Regular physical activity improves insulin sensitivity and reduces blood glucose levels. Aerobic exercise combined with resistance training has been shown to enhance sperm quality in diabetic men and improve menstrual regularity in women. Weight loss of 5% to 10% in overweight or obese individuals can restore ovulation in women with type 2 diabetes and PCOS, and it also improves erectile function in men.

Avoiding smoking and limiting alcohol intake are critical. Both tobacco and excessive alcohol worsen glycemic control and directly impair reproductive function. Smoking, in particular, accelerates vascular damage and increases DNA fragmentation in sperm.

Medical and Reproductive Assistance

For individuals facing persistent fertility issues despite optimized diabetes management, assisted reproductive technologies (ART) can be effective. Women may benefit from ovulation induction with clomiphene citrate or gonadotropins, followed by intrauterine insemination (IUI) or IVF. Since diabetes can impair endometrial receptivity, hormonal support and close monitoring of glucose during the cycle are essential.

Men with severe sperm abnormalities may require intracytoplasmic sperm injection (ICSI) to achieve fertilization. Sperm retrieval techniques such as testicular sperm extraction (TESE) can be used in cases of retrograde ejaculation or azoospermia. Importantly, men with diabetes should have a comprehensive semen analysis and hormonal evaluation before seeking ART.

Infection management is equally important. Antifungal treatments for yeast infections may require longer courses or prophylactic dosing. For bacterial STIs and UTIs, culture-guided antibiotic therapy and strict adherence to the full course are necessary. Recurrent infections should prompt a review of glycemic control and consideration of daily prophylactic antibiotics in selected cases.

When to Seek Specialized Care

Both men and women with diabetes should receive regular reproductive health surveillance. Women should have annual gynecological exams, including screening for RTIs and assessment of menstrual regularity. Men should be asked about erectile function and have a testicular exam. Any signs of infertility—failure to conceive after 12 months of regular unprotected intercourse (or 6 months if the woman is over 35) —warrant referral to a reproductive endocrinologist or a urologist with expertise in male infertility.
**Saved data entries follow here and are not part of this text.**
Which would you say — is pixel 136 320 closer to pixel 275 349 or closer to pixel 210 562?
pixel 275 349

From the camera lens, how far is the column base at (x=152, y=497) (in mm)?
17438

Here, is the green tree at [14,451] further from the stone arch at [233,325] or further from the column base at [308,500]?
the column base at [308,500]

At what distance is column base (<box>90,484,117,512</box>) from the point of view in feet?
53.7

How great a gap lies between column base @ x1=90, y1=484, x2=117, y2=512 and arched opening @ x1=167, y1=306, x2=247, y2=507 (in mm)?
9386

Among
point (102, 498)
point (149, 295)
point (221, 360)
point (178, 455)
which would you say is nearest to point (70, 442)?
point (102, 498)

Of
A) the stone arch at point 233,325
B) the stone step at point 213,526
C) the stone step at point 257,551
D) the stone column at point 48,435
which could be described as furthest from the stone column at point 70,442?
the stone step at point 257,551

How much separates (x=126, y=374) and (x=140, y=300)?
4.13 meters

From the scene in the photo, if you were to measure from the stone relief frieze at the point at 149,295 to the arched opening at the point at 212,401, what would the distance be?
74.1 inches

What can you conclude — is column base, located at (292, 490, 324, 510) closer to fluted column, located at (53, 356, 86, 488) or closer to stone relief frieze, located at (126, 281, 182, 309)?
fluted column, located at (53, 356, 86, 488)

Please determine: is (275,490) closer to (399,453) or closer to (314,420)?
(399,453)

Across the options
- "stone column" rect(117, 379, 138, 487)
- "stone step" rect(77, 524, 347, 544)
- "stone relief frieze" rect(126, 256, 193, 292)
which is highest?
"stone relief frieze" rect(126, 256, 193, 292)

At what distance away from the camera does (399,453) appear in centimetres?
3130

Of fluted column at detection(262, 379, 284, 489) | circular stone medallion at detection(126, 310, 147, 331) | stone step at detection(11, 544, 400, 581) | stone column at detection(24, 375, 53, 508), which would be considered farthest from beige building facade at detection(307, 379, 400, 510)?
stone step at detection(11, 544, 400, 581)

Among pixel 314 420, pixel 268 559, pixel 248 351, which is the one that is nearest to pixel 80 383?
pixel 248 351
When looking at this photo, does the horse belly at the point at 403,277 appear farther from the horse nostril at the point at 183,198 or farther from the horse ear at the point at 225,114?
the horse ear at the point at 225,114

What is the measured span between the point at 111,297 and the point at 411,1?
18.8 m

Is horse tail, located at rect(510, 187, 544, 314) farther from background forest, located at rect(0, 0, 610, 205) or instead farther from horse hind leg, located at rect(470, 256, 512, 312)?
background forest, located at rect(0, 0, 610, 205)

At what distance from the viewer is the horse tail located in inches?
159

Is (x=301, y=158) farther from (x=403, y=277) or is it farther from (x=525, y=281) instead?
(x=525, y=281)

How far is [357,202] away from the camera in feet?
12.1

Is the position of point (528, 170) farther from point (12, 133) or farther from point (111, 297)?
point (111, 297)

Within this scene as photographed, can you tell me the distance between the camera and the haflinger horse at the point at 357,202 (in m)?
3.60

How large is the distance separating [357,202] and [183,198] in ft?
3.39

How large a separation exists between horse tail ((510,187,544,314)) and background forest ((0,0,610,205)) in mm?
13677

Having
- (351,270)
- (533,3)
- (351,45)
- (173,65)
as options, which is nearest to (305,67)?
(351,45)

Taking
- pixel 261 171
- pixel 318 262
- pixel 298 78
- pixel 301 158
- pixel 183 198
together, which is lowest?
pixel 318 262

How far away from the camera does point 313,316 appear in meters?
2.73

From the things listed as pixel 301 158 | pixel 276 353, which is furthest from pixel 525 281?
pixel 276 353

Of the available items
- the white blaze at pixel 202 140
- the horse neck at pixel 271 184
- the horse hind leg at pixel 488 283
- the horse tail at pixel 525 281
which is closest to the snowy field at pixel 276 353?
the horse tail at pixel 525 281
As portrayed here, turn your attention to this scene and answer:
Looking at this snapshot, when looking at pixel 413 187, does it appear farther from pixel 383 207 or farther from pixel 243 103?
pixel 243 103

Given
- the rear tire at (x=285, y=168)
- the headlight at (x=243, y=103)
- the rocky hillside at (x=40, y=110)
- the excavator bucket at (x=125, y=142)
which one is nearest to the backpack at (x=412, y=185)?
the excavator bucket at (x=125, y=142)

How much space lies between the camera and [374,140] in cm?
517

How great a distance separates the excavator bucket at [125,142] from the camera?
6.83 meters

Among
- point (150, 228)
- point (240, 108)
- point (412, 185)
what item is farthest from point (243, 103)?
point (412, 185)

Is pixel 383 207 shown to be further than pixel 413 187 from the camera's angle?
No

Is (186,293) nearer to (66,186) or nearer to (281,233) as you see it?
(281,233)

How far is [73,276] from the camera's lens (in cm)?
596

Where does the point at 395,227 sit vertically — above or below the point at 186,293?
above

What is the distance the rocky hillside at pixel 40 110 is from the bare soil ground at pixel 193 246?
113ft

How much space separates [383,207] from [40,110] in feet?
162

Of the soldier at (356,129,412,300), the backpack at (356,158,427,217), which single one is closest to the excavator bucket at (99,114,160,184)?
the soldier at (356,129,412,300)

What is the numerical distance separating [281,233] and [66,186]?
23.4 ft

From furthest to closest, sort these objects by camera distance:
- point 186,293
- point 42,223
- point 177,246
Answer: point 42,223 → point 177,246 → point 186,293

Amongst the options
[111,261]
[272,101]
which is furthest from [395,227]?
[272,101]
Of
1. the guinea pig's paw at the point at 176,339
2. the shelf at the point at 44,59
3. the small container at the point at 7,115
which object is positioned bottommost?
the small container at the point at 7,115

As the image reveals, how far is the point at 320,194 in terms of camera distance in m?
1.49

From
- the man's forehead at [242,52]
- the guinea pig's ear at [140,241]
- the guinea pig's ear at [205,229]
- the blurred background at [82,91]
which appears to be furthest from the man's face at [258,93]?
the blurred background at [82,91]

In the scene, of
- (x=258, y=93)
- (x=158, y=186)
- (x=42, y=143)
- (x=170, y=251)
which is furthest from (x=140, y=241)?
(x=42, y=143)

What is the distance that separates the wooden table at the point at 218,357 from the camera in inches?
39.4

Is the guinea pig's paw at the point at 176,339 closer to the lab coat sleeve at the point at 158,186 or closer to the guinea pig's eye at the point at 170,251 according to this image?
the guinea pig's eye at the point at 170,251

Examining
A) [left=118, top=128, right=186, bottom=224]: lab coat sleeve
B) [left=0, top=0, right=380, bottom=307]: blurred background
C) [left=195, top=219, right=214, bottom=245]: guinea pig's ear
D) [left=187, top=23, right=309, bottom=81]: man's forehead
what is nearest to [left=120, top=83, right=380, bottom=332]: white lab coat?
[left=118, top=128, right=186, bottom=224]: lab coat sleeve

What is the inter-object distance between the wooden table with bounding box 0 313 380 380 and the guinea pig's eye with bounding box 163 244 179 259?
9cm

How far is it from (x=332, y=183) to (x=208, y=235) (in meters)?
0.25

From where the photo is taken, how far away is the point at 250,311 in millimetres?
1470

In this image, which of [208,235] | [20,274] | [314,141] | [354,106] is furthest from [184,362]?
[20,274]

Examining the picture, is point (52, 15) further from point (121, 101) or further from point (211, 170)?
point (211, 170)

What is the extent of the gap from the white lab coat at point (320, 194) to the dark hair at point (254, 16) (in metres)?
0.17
Specialized care is also indicated when infections are recurrent or severe. A multidisciplinary approach involving an endocrinologist, a reproductive specialist, and possibly an infectious disease expert can optimize outcomes. Preconception counseling is strongly recommended for women with diabetes who plan pregnancy, as it significantly lowers the risk of congenital anomalies and pregnancy complications.

External resources provide additional guidance. The Centers for Disease Control and Prevention (CDC) offers patient-friendly information on diabetes and reproductive health. The National Institutes of Health (NIH) provides research updates and clinical recommendations. For detailed fertility information, the American Society for Reproductive Medicine (ASRM) has dedicated pages. Another valuable source is the World Health Organization (WHO) diabetes fact sheet, which includes global statistics and health advice.
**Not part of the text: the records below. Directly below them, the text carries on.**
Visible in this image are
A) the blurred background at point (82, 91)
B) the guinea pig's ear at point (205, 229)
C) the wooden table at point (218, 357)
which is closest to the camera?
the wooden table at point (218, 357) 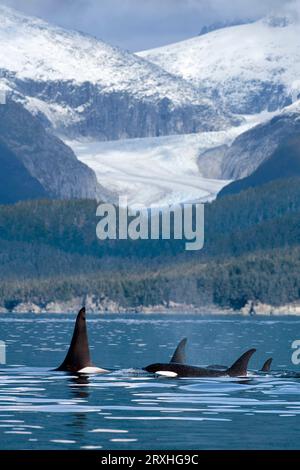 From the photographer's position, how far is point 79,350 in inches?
3169

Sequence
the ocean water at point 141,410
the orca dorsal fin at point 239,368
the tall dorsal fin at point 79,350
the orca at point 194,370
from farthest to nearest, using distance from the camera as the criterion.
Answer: the orca dorsal fin at point 239,368 < the orca at point 194,370 < the tall dorsal fin at point 79,350 < the ocean water at point 141,410

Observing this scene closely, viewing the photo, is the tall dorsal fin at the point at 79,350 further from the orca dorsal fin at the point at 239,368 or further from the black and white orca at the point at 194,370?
the orca dorsal fin at the point at 239,368

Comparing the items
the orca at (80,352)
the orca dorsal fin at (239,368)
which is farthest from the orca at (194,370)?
the orca at (80,352)

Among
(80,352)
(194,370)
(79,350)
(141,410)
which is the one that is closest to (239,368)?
(194,370)

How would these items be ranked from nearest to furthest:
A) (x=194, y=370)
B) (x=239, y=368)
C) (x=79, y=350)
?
(x=79, y=350)
(x=194, y=370)
(x=239, y=368)

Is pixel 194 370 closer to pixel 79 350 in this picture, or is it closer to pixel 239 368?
pixel 239 368

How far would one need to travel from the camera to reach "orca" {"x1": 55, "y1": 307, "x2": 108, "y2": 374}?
258 ft

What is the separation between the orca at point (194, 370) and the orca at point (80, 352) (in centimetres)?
317

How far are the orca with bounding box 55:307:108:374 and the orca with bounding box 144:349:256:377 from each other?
3168 millimetres

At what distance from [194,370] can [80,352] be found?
18.7 feet

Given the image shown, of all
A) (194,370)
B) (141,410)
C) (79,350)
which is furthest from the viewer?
(194,370)

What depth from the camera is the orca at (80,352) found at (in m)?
78.6

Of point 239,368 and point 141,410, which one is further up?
point 239,368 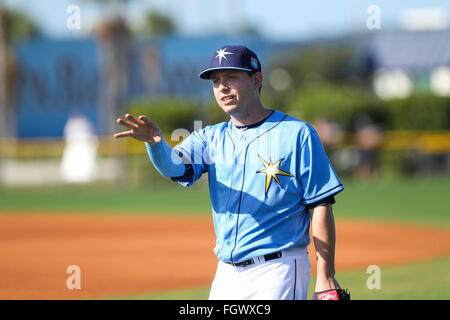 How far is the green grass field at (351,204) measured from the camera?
905 centimetres

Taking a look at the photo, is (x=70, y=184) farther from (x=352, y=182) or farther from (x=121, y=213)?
(x=352, y=182)

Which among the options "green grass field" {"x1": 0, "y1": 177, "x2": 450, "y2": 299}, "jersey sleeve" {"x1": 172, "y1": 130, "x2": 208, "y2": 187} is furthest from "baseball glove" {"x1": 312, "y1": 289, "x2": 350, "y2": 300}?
"green grass field" {"x1": 0, "y1": 177, "x2": 450, "y2": 299}

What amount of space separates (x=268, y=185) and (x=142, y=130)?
29.0 inches

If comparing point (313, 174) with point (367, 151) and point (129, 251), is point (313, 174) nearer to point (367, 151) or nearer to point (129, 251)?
point (129, 251)

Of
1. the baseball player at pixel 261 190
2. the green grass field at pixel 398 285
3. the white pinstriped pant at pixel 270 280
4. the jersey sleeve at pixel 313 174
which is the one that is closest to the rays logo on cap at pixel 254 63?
the baseball player at pixel 261 190

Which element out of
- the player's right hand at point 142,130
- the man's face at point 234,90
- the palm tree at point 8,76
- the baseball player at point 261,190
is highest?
the palm tree at point 8,76

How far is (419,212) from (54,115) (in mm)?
24106

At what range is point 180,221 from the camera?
16.2 meters

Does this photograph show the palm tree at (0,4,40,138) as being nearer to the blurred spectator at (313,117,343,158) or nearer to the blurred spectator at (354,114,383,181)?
the blurred spectator at (313,117,343,158)

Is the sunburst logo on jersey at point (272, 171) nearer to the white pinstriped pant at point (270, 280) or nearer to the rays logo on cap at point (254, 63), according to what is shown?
the white pinstriped pant at point (270, 280)

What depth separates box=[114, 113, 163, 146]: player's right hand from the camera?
383 cm

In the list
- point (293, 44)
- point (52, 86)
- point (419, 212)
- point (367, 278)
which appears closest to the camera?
point (367, 278)

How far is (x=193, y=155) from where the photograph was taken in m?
4.18

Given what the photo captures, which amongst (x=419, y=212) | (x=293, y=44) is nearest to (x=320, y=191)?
(x=419, y=212)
Conclusion: Proactive Management for Better Outcomes

Diabetes exerts a far-reaching influence on reproductive health, from increasing susceptibility to infections in both men and women to profoundly impairing fertility through direct cellular damage and hormonal disruption. The mechanisms—immune dysfunction, oxidative stress, AGE accumulation, and neuropathy—are well understood and modifiable. The key takeaway is that these complications are not inevitable. With aggressive glycemic control, healthy lifestyle habits, and timely medical intervention, people with diabetes can greatly reduce their risk of RTIs and improve their chances of having children.
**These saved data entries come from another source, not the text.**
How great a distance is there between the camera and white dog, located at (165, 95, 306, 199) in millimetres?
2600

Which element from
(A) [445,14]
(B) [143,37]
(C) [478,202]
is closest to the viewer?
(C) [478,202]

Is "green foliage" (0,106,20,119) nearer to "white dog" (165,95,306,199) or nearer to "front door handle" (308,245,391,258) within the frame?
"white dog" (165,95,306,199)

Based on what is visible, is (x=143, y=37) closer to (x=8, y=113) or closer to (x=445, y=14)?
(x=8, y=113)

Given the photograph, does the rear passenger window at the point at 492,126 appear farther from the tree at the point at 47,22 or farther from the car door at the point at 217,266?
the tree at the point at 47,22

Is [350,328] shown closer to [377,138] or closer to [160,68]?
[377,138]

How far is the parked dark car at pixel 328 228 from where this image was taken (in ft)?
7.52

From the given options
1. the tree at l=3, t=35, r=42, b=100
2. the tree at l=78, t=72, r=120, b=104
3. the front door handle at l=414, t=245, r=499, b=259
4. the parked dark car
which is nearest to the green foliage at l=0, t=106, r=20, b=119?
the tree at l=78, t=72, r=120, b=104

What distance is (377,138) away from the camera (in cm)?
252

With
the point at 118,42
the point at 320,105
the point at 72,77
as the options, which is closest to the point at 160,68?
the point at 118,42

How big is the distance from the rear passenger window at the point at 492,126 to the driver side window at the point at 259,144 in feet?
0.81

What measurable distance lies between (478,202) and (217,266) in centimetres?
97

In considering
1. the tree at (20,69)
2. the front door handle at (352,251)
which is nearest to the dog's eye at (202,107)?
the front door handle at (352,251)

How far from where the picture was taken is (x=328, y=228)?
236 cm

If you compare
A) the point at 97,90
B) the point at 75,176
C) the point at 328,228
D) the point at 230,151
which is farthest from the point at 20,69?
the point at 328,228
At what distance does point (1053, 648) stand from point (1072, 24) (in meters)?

Healthcare providers must routinely address reproductive health as part of comprehensive diabetes care, asking about symptoms of infection, menstrual history, erectile function, and family planning goals. Collaborative management between endocrinology, gynecology, and urology can provide the best outcomes. As the global burden of diabetes continues to grow, integrating reproductive health into diabetes management is not just an option—it is a necessity.